**THE PROBLEM**
What is wanted is every line below from the one with "1/144 USN Carrier" up to and including the one with "Naz Menthol Herbal", retyped exactly, pictures excluded, nothing else.
◆ ◆ ◆
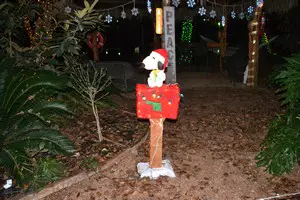 Snoopy decorations on sons island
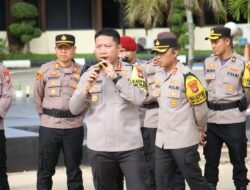 Polresta Barelang Gelar Apel Pergeseran Pasukan Pengamanan TPS Pilkada Serentak 2024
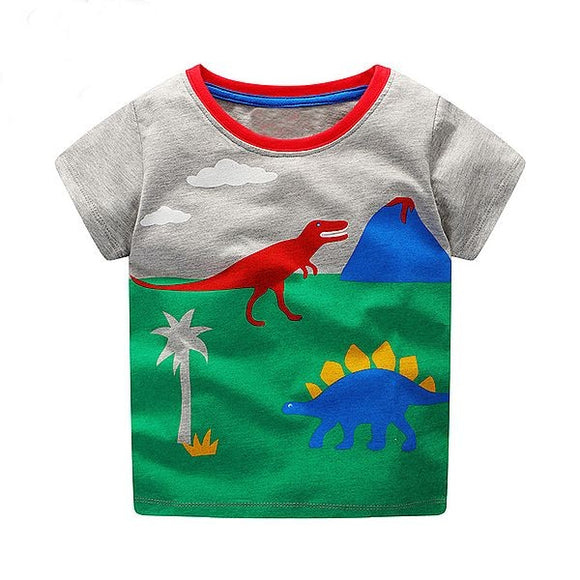 Boys Tops Summer Dinosaur T-shirts
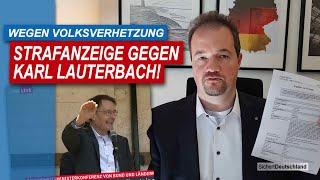 Lauterbach wegen Volksverhetzung angezeigt!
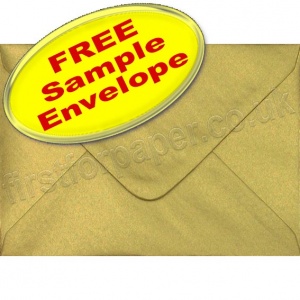 Sample Spectrum Envelope, C6, Metallic Gold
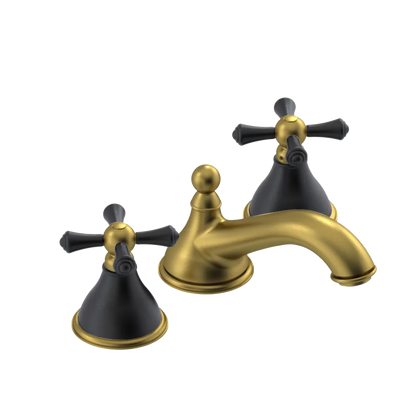 Rubinet Widespread Lav. Set. (less drain) Antique Brass Matt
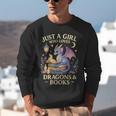 Just a Girl Who Loves Cute Dragons And Books Unisex Sweatshirt Just a Girl Who Loves Cute Dragons And Books Unisex Sweatshirt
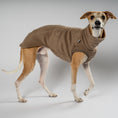 Load image into Gallery viewer, Fleece Shirt Windhund Walnut – Hund in Bewegung – bequeme Hundekleidung für Windhunde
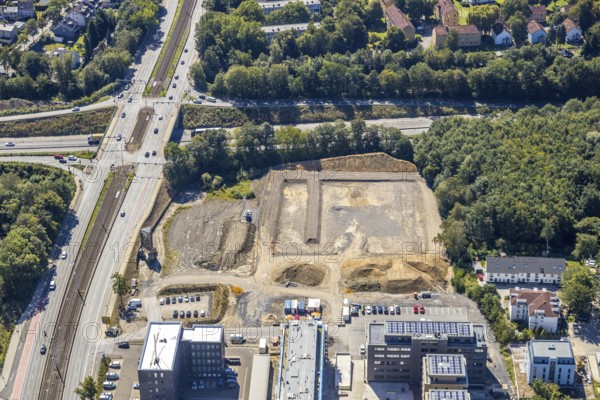 Aerial view, seven stones, Philippstraße 3 Alt-Vonovia, Wiemelhausen, Bochum, Ruhr area, North Rhine-Westphalia, Germany, DE, Europe, birds-eyes view, aerial photography, aerial photography, overview, bird's-eye view, urban planning, reconstruction measures, construction site, overplanning
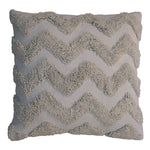 Load image into Gallery viewer, Grey Zig-zag Cushion Set of 2
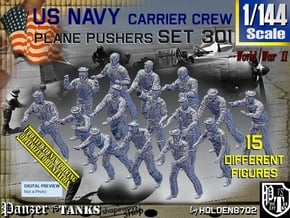 1/144 USN Carrier Deck Pushers Set301 in Smooth Fine Detail Plastic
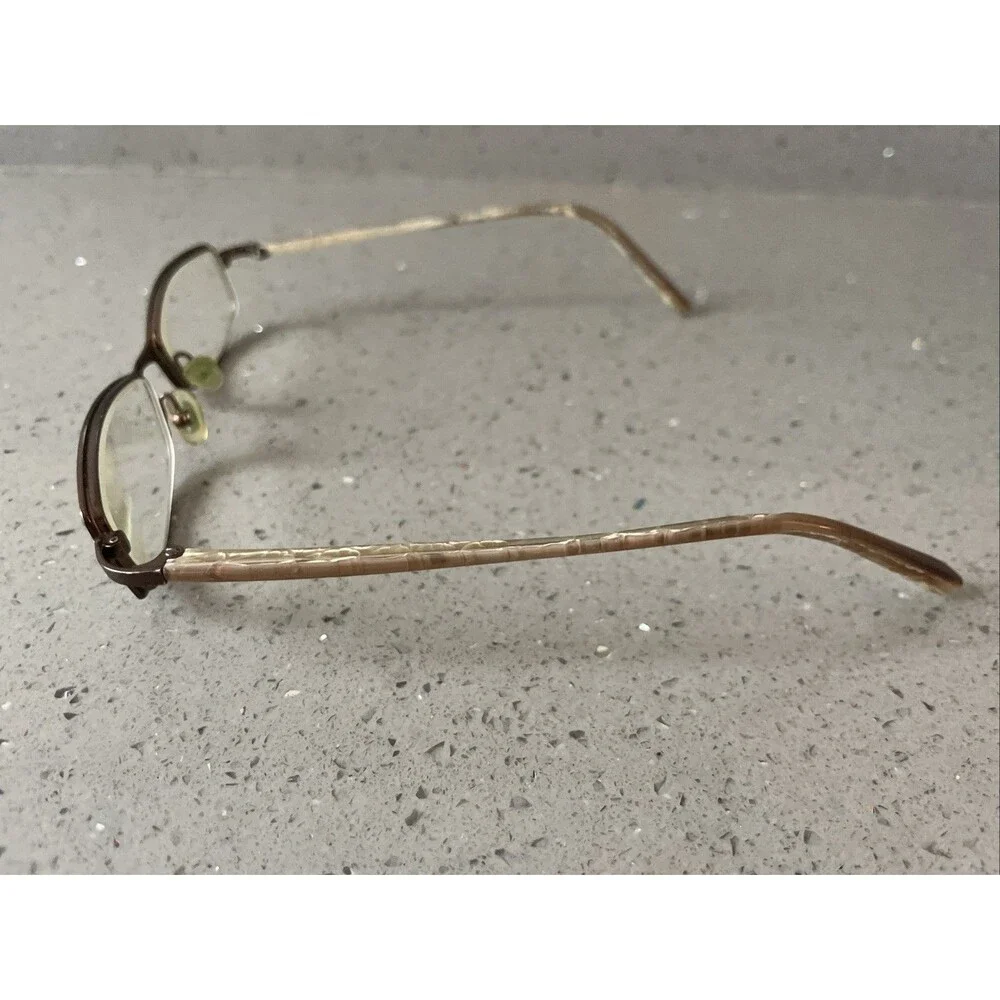 Jones New York Eyeglasses Frames ONLY 50-17-135 full Rim Metal bronze rectangle
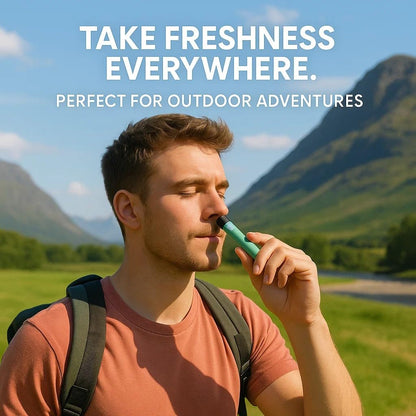 Naz Menthol Herbal Nasal Stick – Electric Inhaler, Spearmint & Eucalyptus (3-Pack)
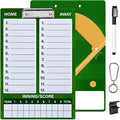 Baseball Lineup Board for Dugout, Double-Sided Dry Erase Clipboard Coaching Clipboard for Baseball, Softball, Softball Lineup Board with Marker, Baseball Coaching Accessories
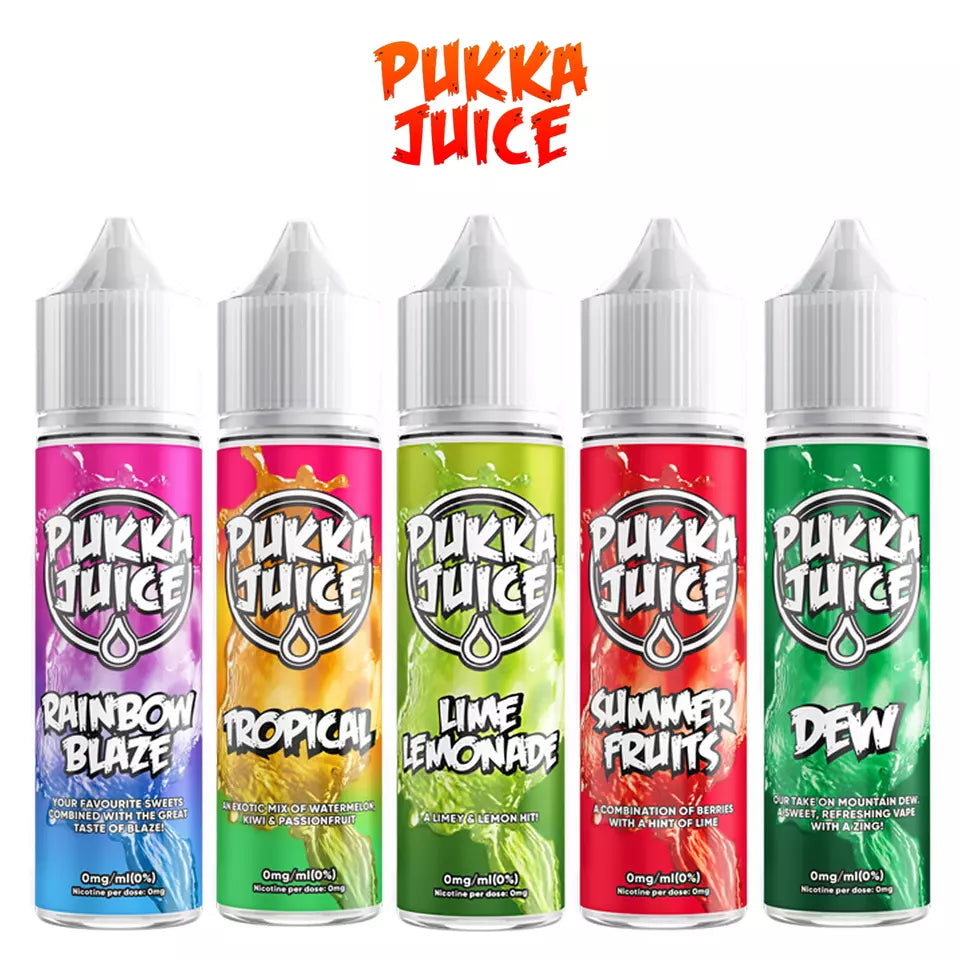 Pukka Juice 50ml E-Liquid - 0mg Nicotine, 70/30 VG/PG, All Flavours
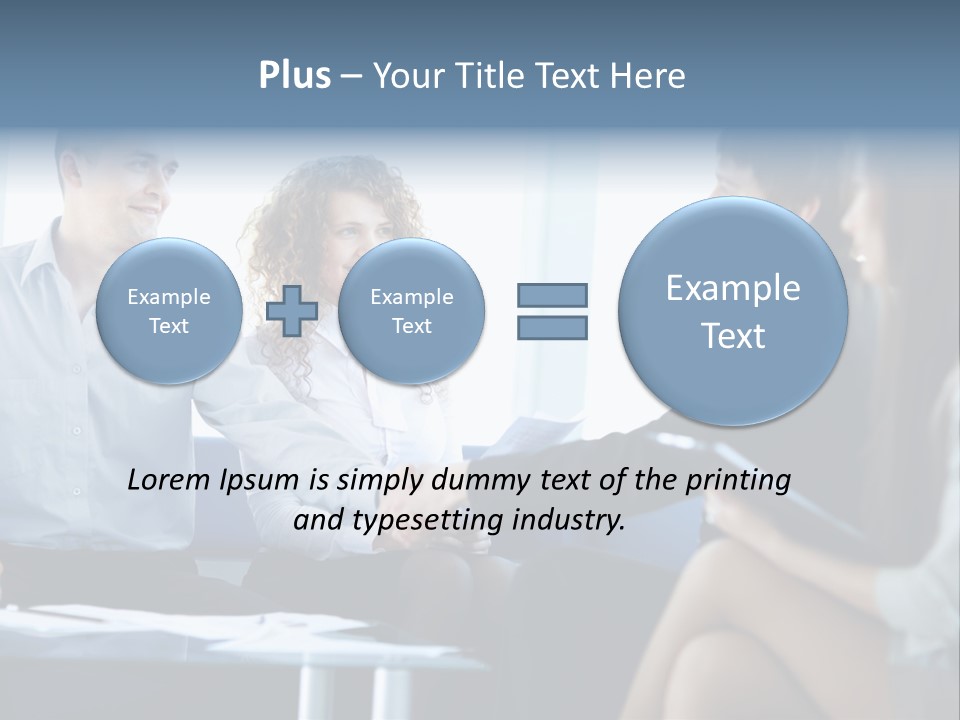 People Colleagues Communication PowerPoint Template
◆ ◆ ◆
**RESPONSE TO THE TASK**
 1/144 USN Carrier Deck Pushers Set301 in Smooth Fine Detail Plastic
 Jones New York Eyeglasses Frames ONLY 50-17-135 full Rim Metal bronze rectangle
 Naz Menthol Herbal Nasal Stick – Electric Inhaler, Spearmint & Eucalyptus (3-Pack)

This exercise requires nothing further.